Por isso que o vilão não tem uma origem definida. Assim como Fred Krueger em seus primeiros filmes, as figuras mais assustadoras do cinema são aquelas que desconhecemos a origem, pois foram concebidas para serem a personificação do mal. O mal não precisa ser explicado ou definido, ele existe por si só, e todas as vezes que a maldade foi justificada, como o cinema costuma fazer em suas franquias, o medo genuíno deixa de existir. Ainda sobre Krueger, enquanto ele se alimenta do medo das pessoas por pesadelos, Pennywise existe pelo medo real, das aflições e fobias que nos atinge e nos enfraquece perante ele. Não é à toa que outro personagem na história tem tanto destaque. O adolescente Henry Bowers (Nicholas Hamilton) é a versão humana de Pennywise, aquele que igualmente amedronta, persegue, tortura, caça e fere, usando o terrorismo para dominar e camuflar sua covardia.

O roteiro, escrito primeiramente por Chase Palmer e Cary Fukunaga, acabou sofrendo algumas alterações por Gary Dauberman quando Fukanaga abandonou a direção, deixando o projeto por diferenças criativas com o estúdio. Enquanto Fukanaga pretendia explorar o medo através do suspense, mais do que com imagens óbvias, Muschietti preferiu o contrário quando o substituiu na direção, dando preferência às virtudes de Pennywise, que é sua habilidade de materializar o medo dos personagens. A concepção de Fukanaga, de ser mais sutil e subliminar, era interessante, e embora a de Muschietti seja mais óbvia e convencional, acabou funcionando de igual forma pelo simples fato de ter se mantido fiel ao livro e a narrativa de King em sua maior parte.
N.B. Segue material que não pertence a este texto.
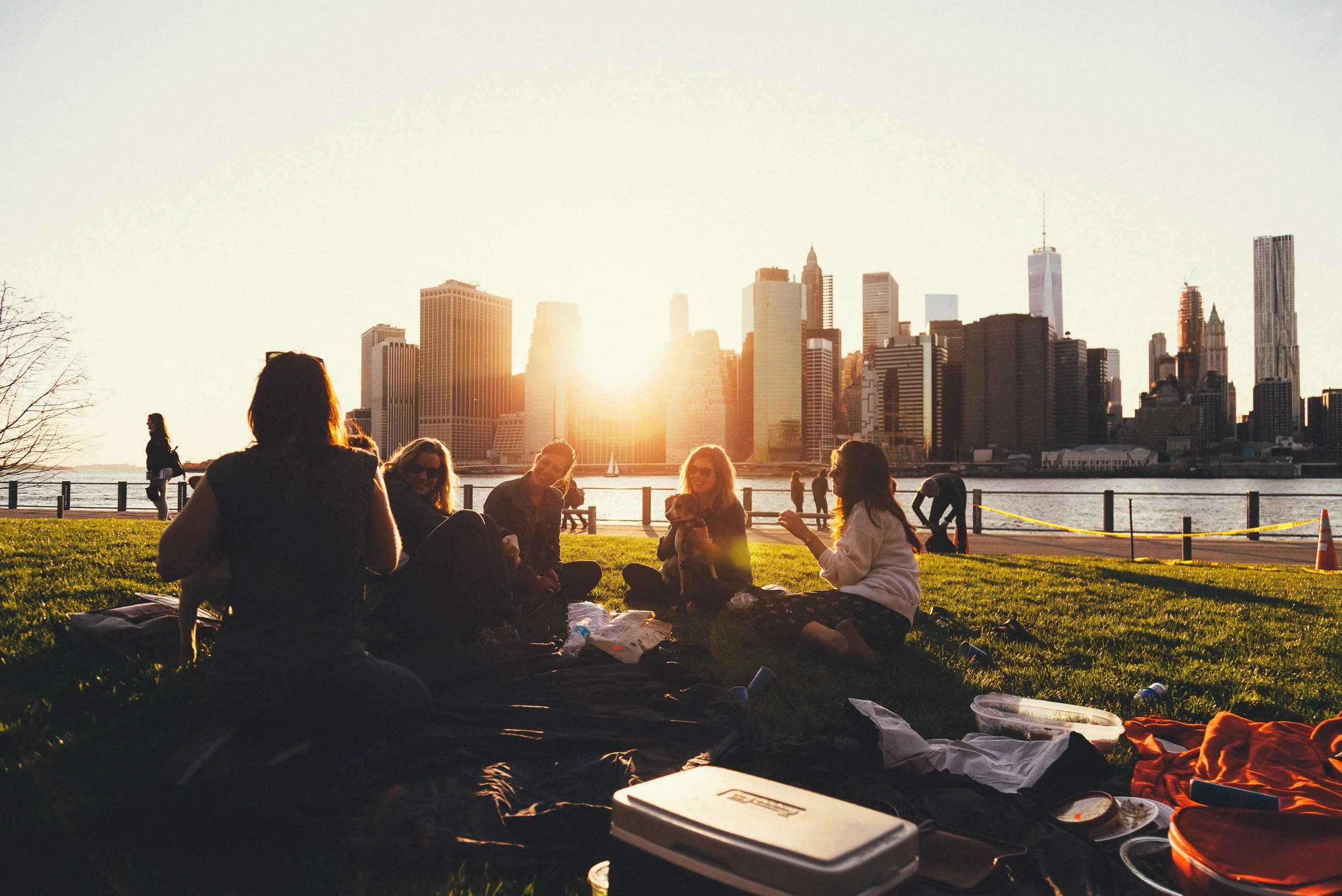 Your 20s Are for Trying Everything, Even If It Changes Everything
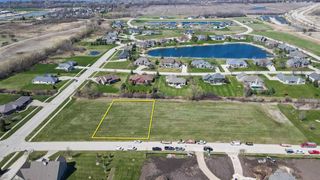 1081 PINE LAKE DRIVE, Fond Du Lac, WI 54935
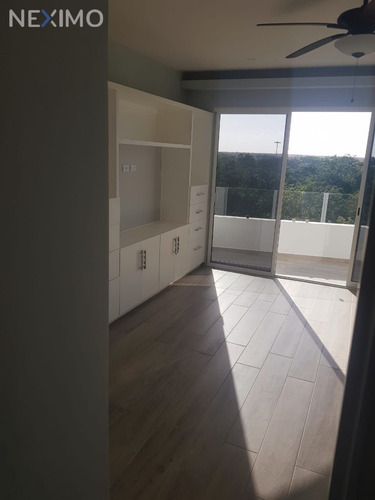 Imagen 7 de 21 de Venta De Departamento De 2 Recamaras En Playa Del Carmen Quintana Roo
Portanto, dizer que é uma das melhores adaptações de King até hoje, é correto. Está longe de ser aquele filme de horror que tanto se esperou, mas as boas doses de variação entre os gêneros foi algo bem vindo em uma época em que o cinema tem sido muito pretensioso nas idéias, mas péssimos nas execuções. A segunda parte da história já teve sua produção confirmada, e seu lançamento é previsto para o fim de 2018. Esperaremos para conferir se, como um todo, as duas partes farão jus a todo o universo fantasioso e horripilante de King como se deve.